# [Suche] Programm zur Erstellung eines Ablaufdiagramms



## Krumnix (8 Juni 2011)

Hallo.

In meiner Firma werden alle Funktionen in Textform geschrieben.
Das würde ich jetzt gerne langsam ändern, da viele Dienstleister immer
wieder Fragen stellen, da man den Text ja unterschiedlich interpretieren kann.

Nun bin ich auf der Suche nach einem guten Ablaufdiagrammerstellungsprogramm .

Welche sind da zu empfehlen?
Unserer Anlagen und somit auch die Software sind im stetigen Wandel.
Es sollte also eine Software sein, die leicht und schnell neue Schritte hinzufügen
oder alte löschen kann.

Danke für Tipps!


----------



## bike (8 Juni 2011)

Da fallen mir Visio oder OO Draw ein.
Das eine kostet Geld, das andere ist etwas gewöhnungsbedürftig in der Bedienung, aber dann geht dies gut.


bike


----------



## marlob (8 Juni 2011)

http://www.yworks.com/en/products_yed_about.html
oder
http://dia-installer.de/


----------



## S7Roland (8 Juni 2011)

marlob schrieb:


> http://www.yworks.com/en/products_yed_about.html
> oder
> http://dia-installer.de/


 
sehen beide interessant ausm mit welchem arbeitest DU und was kannst Du diesbezüglich sagen, Benutzerfreundlichkeit, Bedienbarkeit etc. und können bei beiden z.B. Visio Diagramme importiert werden ?

Groetjes

S7Roland


----------



## NochEinProgrammierer (9 Juni 2011)

Wenn es um reine Programmablaufplänen (PAP) geht ist dieses evtl. auch interessant:

papdesigner 

vom Georg Simon Ohm Berufskolleg.

Einach zu handhaben und kostenlos (für den privaten Gebrauch).


----------



## vierlagig (9 Juni 2011)

NochEinProgrammierer schrieb:


> Wenn es um reine Programmablaufplänen (PAP) geht ist dieses evtl. auch interessant:
> 
> papdesigner
> 
> ...





> Ich nutze PapDesigner und mit PapDesigner erstelltes Bildmaterial ausschliesslich
> und zweifelsfrei für private Zwecke mit nicht kommerziellem Hintergrund.



gut, du hast die zeile jetzt noch angebaut... man könnte es "ungeeignet" nennen...


----------



## marlob (9 Juni 2011)

S7Roland schrieb:


> sehen beide interessant ausm mit welchem arbeitest DU und was kannst Du diesbezüglich sagen, Benutzerfreundlichkeit, Bedienbarkeit etc. und können bei beiden z.B. Visio Diagramme importiert werden ?
> 
> Groetjes
> 
> S7Roland


Hallo Roland,

ich benutze yEd und auch Visio.
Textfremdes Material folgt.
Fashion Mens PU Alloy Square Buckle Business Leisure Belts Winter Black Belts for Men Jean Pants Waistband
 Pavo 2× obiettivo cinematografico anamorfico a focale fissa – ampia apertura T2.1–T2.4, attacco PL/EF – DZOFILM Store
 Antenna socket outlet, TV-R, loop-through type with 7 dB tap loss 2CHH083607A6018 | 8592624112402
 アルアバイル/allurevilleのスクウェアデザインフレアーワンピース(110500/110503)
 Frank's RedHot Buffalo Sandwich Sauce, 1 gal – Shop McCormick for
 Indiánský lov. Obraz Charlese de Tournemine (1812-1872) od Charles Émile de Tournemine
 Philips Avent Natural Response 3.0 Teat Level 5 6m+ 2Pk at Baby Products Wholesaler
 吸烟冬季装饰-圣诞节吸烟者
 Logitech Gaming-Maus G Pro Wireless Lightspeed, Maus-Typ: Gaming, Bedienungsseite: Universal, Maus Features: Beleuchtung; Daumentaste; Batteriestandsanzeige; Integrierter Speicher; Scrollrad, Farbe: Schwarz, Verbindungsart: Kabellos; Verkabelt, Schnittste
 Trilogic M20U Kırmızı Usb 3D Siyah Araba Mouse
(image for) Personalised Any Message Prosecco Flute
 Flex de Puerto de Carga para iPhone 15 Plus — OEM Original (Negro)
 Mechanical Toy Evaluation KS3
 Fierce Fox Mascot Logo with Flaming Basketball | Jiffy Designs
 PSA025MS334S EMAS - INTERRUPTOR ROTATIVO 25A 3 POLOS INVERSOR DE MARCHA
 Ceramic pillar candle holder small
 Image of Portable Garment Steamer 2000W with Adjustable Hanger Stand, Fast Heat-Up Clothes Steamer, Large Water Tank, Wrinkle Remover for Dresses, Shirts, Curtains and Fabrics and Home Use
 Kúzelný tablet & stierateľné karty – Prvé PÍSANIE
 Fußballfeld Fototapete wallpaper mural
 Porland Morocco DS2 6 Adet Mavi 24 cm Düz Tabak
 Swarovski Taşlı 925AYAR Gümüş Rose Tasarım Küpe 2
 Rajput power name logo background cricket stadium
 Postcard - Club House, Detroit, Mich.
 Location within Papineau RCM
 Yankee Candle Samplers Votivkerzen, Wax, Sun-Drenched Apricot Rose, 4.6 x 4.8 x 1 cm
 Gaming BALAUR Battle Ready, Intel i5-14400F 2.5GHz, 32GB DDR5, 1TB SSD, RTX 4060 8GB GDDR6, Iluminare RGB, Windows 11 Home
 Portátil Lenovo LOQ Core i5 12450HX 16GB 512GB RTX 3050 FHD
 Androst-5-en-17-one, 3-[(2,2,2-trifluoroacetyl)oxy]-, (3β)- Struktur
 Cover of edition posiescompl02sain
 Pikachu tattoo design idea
Dia habe ich früher mal genutzt, bevor ich yEd entdeckt habe. 
Visio Dateien direkt importieren geht nicht. Evtl. gehts über ein Zwischenformat


----------



## vierlagig (9 Juni 2011)

marlob schrieb:


> Hallo Roland,
> 
> ich benutze yEd und auch Visio. Dia habe ich früher mal genutzt, bevor ich yEd entdeckt habe.
> Visio Dateien direkt importieren geht nicht. Evtl. gehts über ein Zwischenformat



ich kann yEd auch nur empfehlen!
wir exportieren direkt in svg, legen quelle und export im svn ab und können vom internen wiki aus direkt aufs svg verlinken bzw. es einbinden... DAS geht mit visio-svg-exporten nicht, da muß man erst noch die kompatibilität in der rohdatei ändern...


----------